- Hungarian: Szabadság, szerelem
- Directed by: Krisztina Goda
- Written by: Joe Eszterhas Colin K. Gray (documentary Freedom's Fury)
- Screenplay by: Éva Gárdos Géza Bereményi Réka Divinyi
- Produced by: Andrew G. Vajna
- Starring: Kata Dobó Iván Fenyő Sándor Csányi Károly Gesztesi
- Cinematography: Buda Gulyás János Vecsernyés
- Edited by: Éva Gárdos Annamaria Szanto
- Music by: Nick Glennie-Smith
- Production company: C2 Pictures
- Distributed by: Intercom
- Release date: 23 October 2006;
- Running time: 123 minutes
- Country: Hungary
- Language: Hungarian

= Children of Glory =

Children of Glory (Szabadság, szerelem) is a 2006 film directed by Krisztina Goda. It commemorates Hungary's Revolution of 1956 and the "Blood in the Water" match. Taking place in Budapest and at the Melbourne Olympic Games in October and November of that year, the film takes viewers into the passion and sadness of one of the most dramatic popular revolts of the twentieth century. In the same year Soviet tanks were violently suppressing the Revolution within Hungary, the Hungarian water polo team was winning over Russia in the Olympic pool in Melbourne, in what is sometimes described as the bloodiest water polo match in history. While telling the story of 1956 in part through fictional lead characters, the film-makers simultaneously recreated many of the key public events of the Revolution, including the huge demonstrations and the fighting in the streets of Budapest.

==Plot==
In 1956, Karcsi Szabó (Iván Fenyő) was a star athlete at the University of Budapest and had been named captain of the national water polo team that would represent Hungary in the Olympics held that summer in Australia. However, many of Szabó's countrymen had more on their minds; Hungary had fallen under the oppressive rule of the Soviet Union, and a growing number of Hungarians were demanding independence. One day, Szabó and his friend Tibi witness a demonstration led by Viki Falk demanding an end to Soviet rule in Hungary.

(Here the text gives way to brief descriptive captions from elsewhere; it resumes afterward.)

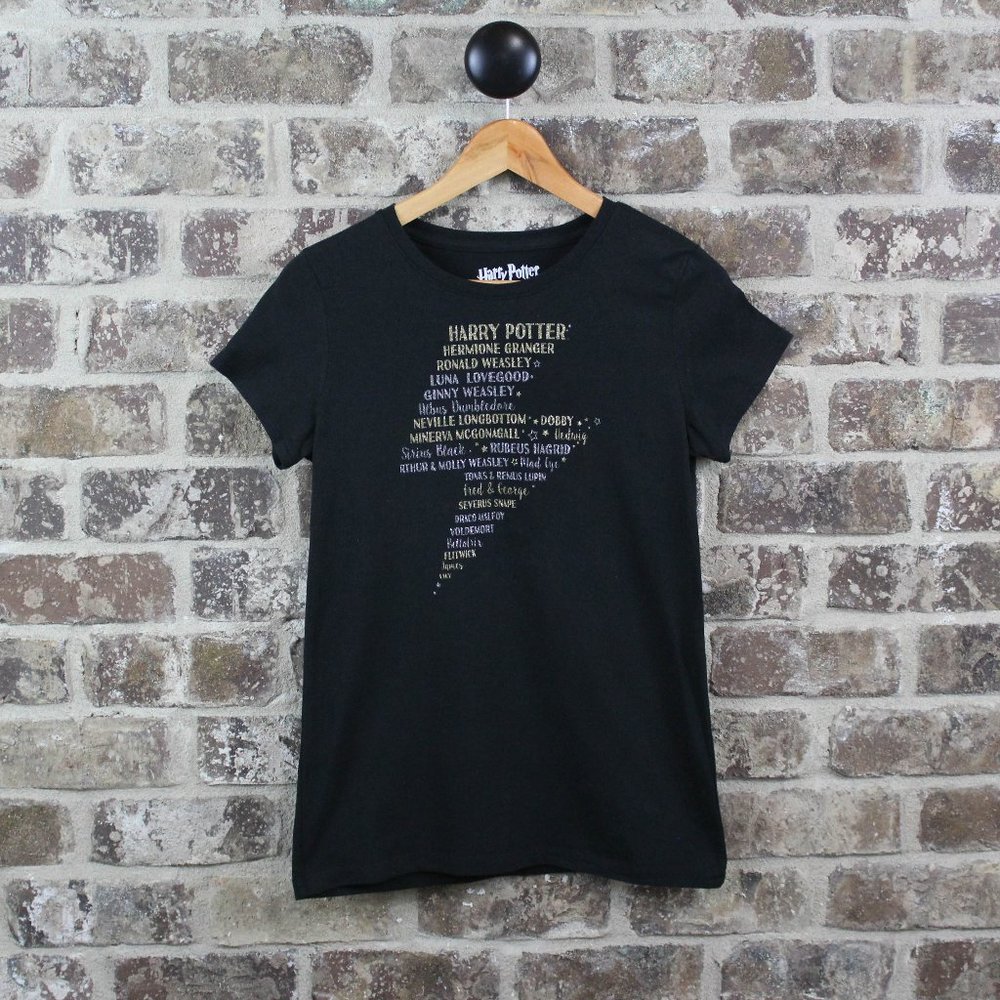 Harry Potter Gold & Silver Lightening Bolt Black Shortsleeve Shirt Girls XL14-16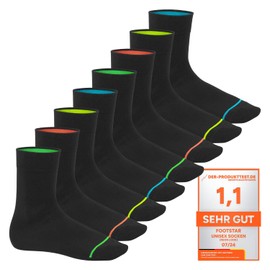 Footstar Men's & Women's Cotton Socks 8 Pairs Black Socks with Neon Glow - 43-46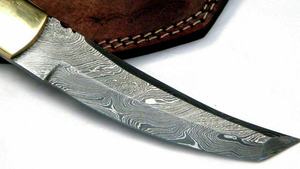 มีดอเนกประสงค์ Sizzco ทำจากเหล็กดามัสกัสปรับแต่งได้ ใบมีดหลายแบบ สำหรับล่าสัตว์ ตั้งแคมป์ พร้อมคลิปทองเหลืองทำมือและด้ามจับทำจากกระดูกอูฐ รองรับ OEM - Product Image 2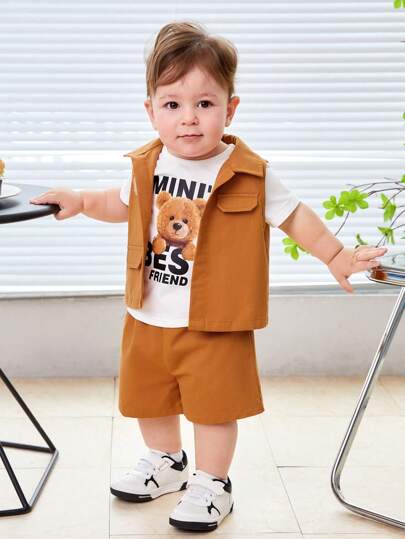 SHEIN Leap Crew 男嬰翻蓋細節夾克背心和短褲和卡通圖案T恤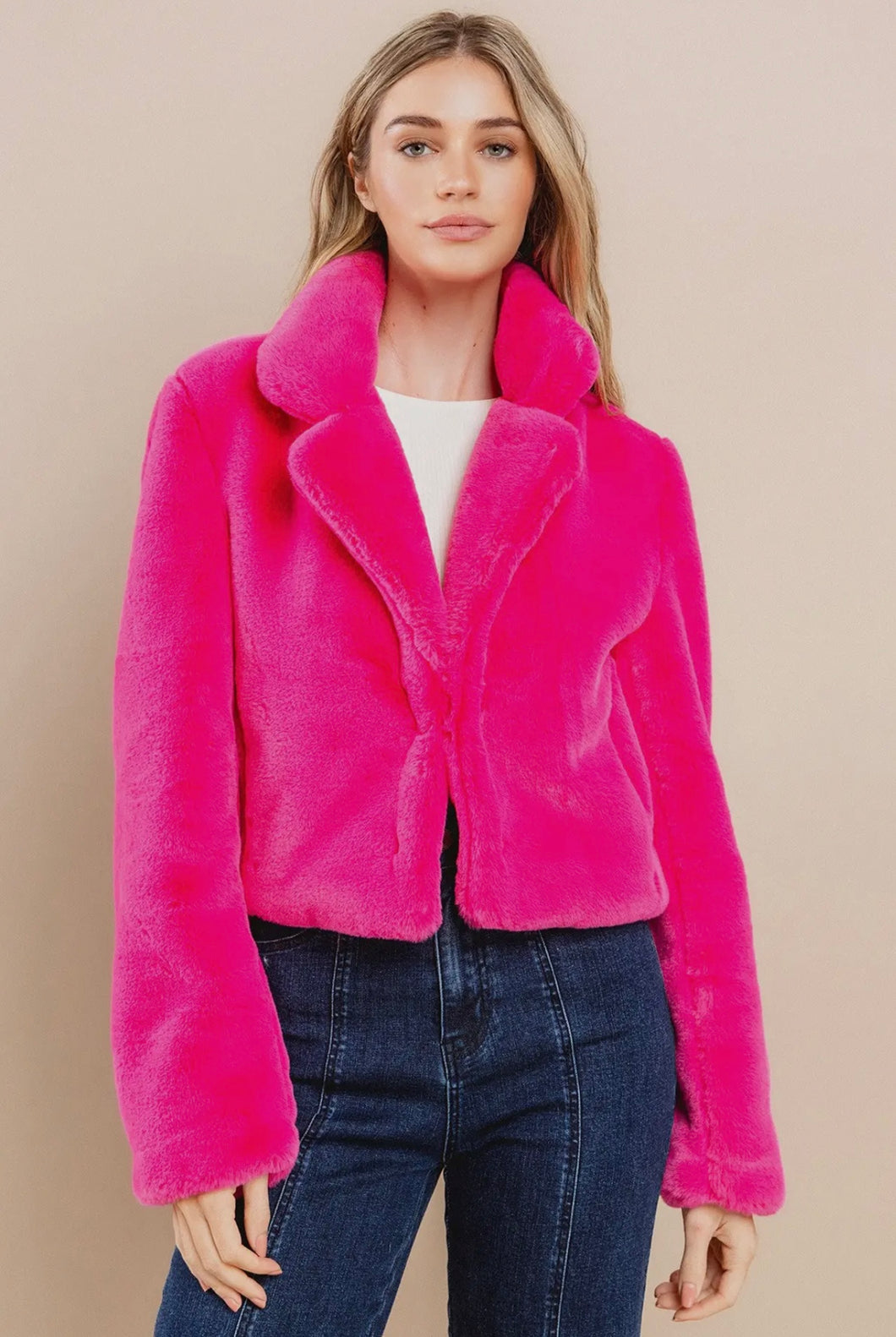 Hot Pink Fur Jacket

While initially Szabó is more attracted to Falk's beauty than her message, through his attempts to woo her he is awakened to the need for revolution; however, an uprising by the people is crushed by the Soviet war machine, and matters become worse for the Hungarian people. When Szabó and his teammates discover that Hungary will be competing against the Soviet Union in the men's Water Polo tournament at the upcoming Olympics, they see an opportunity for a symbolic victory over their oppressors, if they will be allowed to leave to country to compete.

==Cast==
- Kata Dobó as Falk Viki
- Iván Fenyő as Szabó Karcsi
- Sándor Csányi as Vámos Tibi
- Károly Gesztesi as Telki coach
- Ildikó Bánsági as Karcsi's mother
- Tamás Jordán as Karcsi's granddad
- Viktória Szávai as Hanák Eszter
- Zsolt Huszár as Gál Jancsi
- Tamás Keresztes as Ács Imi
- Péter Haumann as Feri bácsi
- Dániel Gábori as Józsika (as Gábori Dániel)
- Róbert Marton as Kardos Márton (Compó)
- Kornél Simon as Abonyi Gyula (Báró)
- Krisztián Kolovratnik as Fazekas Sándor (Frank)
- Antal Czapkó as Prokop

== Reception ==
On the review aggregator website Rotten Tomatoes, the film holds a "fresh" approval rating of 92% based on 12 reviews, with an average score of 6 out of 10.

A review in The Guardian stated "The atmosphere of the time, the demonstrations and the uprising itself are vividly recreated by director Krisztina Goda, and the water-polo match between the Soviet Union and Hungary at the Melbourne Olympics that followed shortly thereafter is excellently staged. It's certainly moving, but the cliche-ridden script and the blatant manipulations show that you can take the boy out of Hollywood, but you can't take Hollywood out of the boy."

The film was a box office success in Hungary.